TTS components use LM embeddings as cross-attention context, enabling streaming inference with minimal lookahead and 60–64% human rater preference over non-LM-conditioned baselines.

While both families explore multimodal extensions, Llama 3 explicitly documents performance on major datasets for vision, video, and speech.

6. Comparative Summary

Both Llama 3 and Qwen-3 families leverage standard dense Transformers, RoPE, and GQA. Llama 3's largest model at 405 B parameters exceeds Qwen-3’s top publicly-documented size (70 B). Llama 3 further advances model context support (up to 128K tokens), applies an annealed, highly diverse pre-training data mix (totaling 15T tokens), and demonstrates edge or state-of-the-art performance in a variety of zero- and few-shot benchmarks.
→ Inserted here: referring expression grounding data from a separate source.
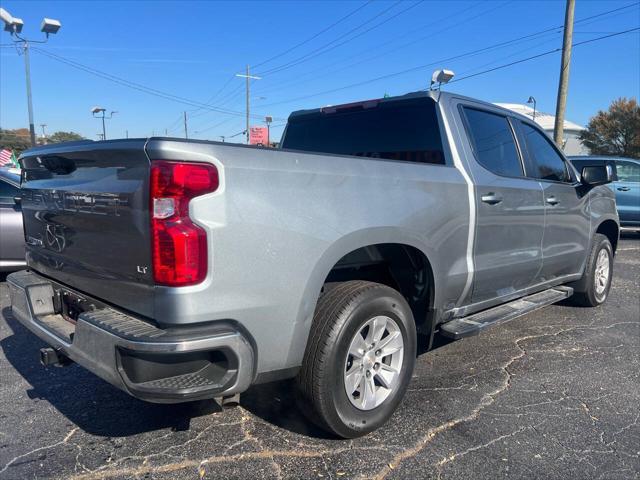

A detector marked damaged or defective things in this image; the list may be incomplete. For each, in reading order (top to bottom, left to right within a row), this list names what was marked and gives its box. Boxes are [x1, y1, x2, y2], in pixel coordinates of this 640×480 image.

cracked asphalt pavement [0, 233, 636, 480]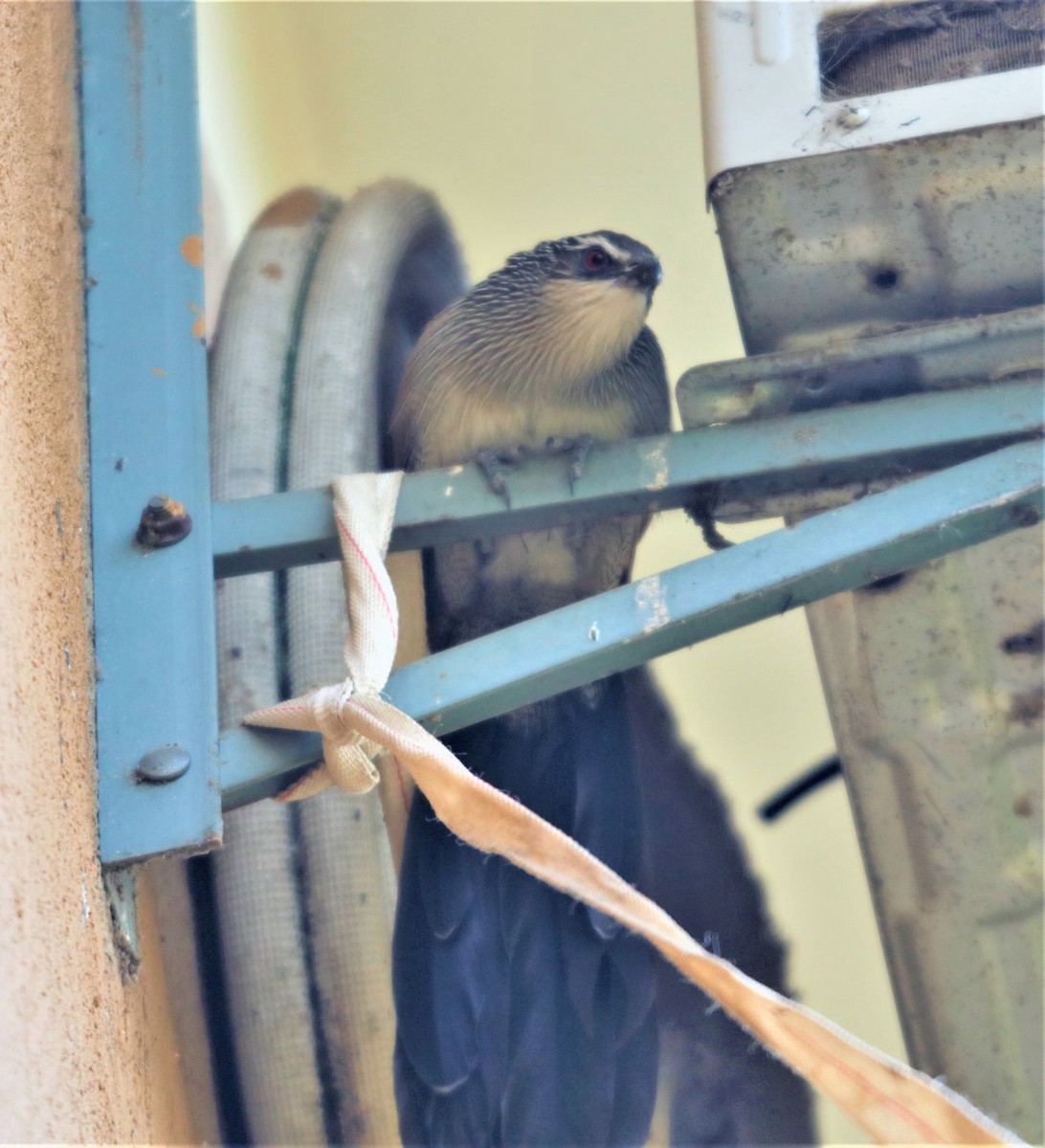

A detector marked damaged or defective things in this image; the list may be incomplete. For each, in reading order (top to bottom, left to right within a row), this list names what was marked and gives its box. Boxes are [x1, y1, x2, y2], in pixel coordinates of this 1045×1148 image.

peeling paint [638, 574, 670, 638]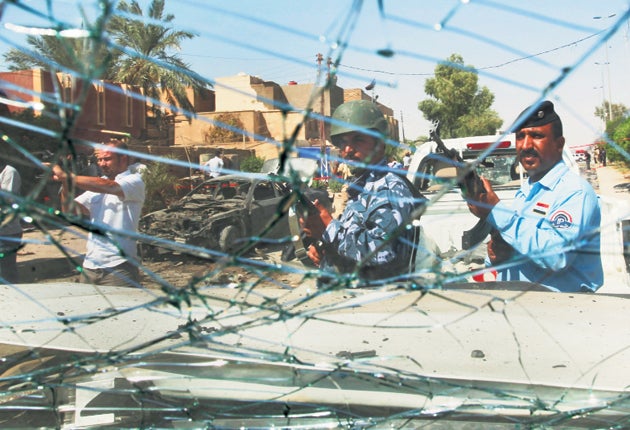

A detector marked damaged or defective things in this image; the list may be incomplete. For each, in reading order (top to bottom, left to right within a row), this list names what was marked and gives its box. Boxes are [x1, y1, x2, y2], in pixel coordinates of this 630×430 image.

burnt car wreck [141, 175, 294, 258]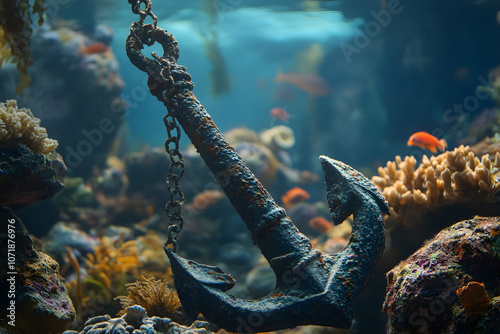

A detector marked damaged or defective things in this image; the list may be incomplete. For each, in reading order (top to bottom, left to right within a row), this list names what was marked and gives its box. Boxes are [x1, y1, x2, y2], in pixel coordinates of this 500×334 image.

rusted anchor [126, 13, 390, 334]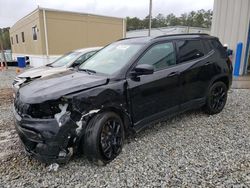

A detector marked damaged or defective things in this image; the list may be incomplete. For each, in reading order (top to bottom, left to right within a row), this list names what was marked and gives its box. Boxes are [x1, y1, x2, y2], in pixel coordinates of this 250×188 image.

crumpled hood [19, 70, 109, 103]
crushed bumper [12, 106, 76, 163]
damaged front end [12, 95, 97, 163]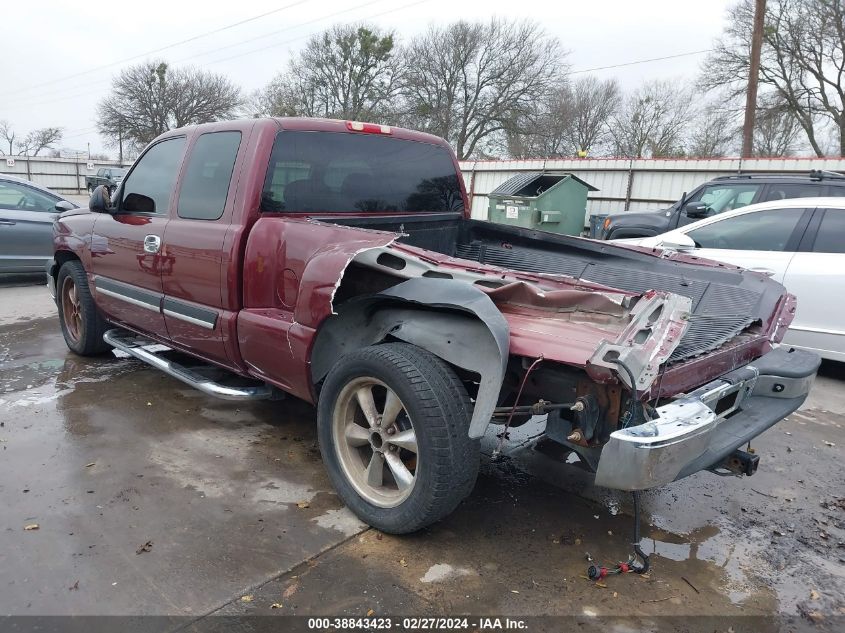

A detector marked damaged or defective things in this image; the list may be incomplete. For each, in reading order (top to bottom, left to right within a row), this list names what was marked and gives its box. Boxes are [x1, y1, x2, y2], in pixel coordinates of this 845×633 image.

damaged red pickup truck [47, 117, 816, 532]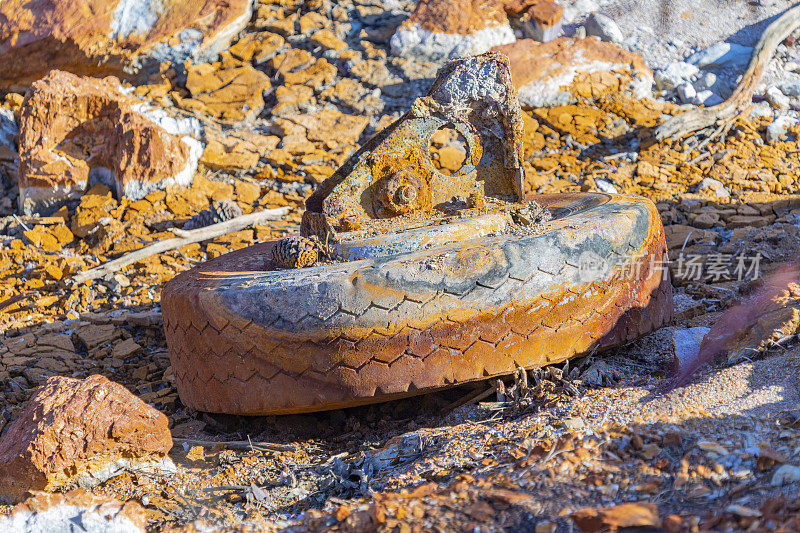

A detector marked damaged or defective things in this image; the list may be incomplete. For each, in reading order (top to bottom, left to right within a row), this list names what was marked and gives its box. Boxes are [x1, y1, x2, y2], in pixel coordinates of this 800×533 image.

rusted metal bracket [304, 51, 528, 250]
rusty tire [161, 192, 668, 416]
abandoned car wheel [159, 191, 672, 416]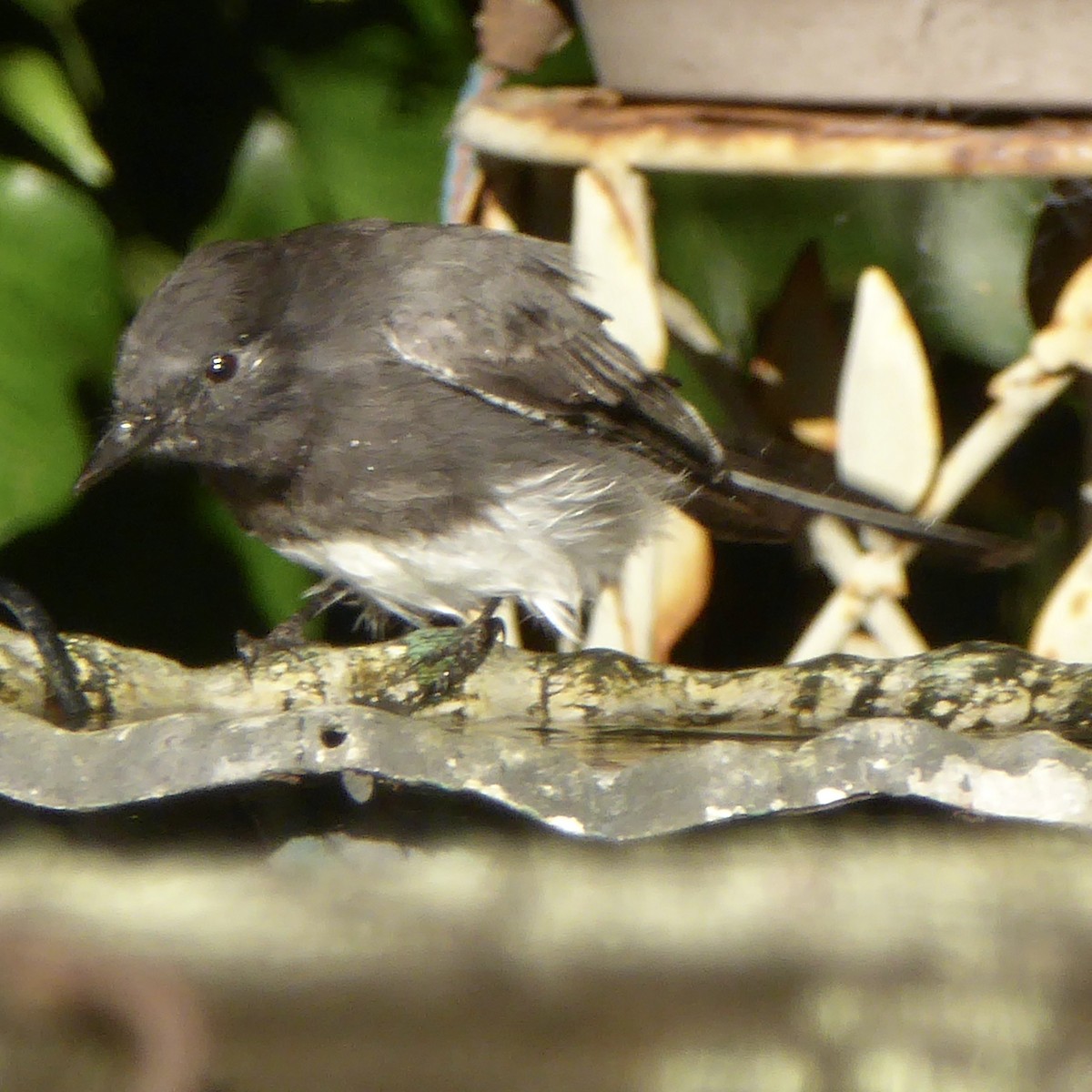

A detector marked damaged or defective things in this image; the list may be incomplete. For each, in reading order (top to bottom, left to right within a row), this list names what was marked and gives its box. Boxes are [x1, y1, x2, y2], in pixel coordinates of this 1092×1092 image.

rusty metal rim [454, 85, 1092, 177]
rusted metal edge [459, 85, 1092, 177]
Safety is systematically addressed with specialized classifiers (Llama Guard 3) and alignment protocols. Llama 3's publicly available releases and detailed reporting on multimodal and compositional extensions distinguish its documentation and systems evaluation practices in the landscape of foundation models (Grattafiori et al., 2024).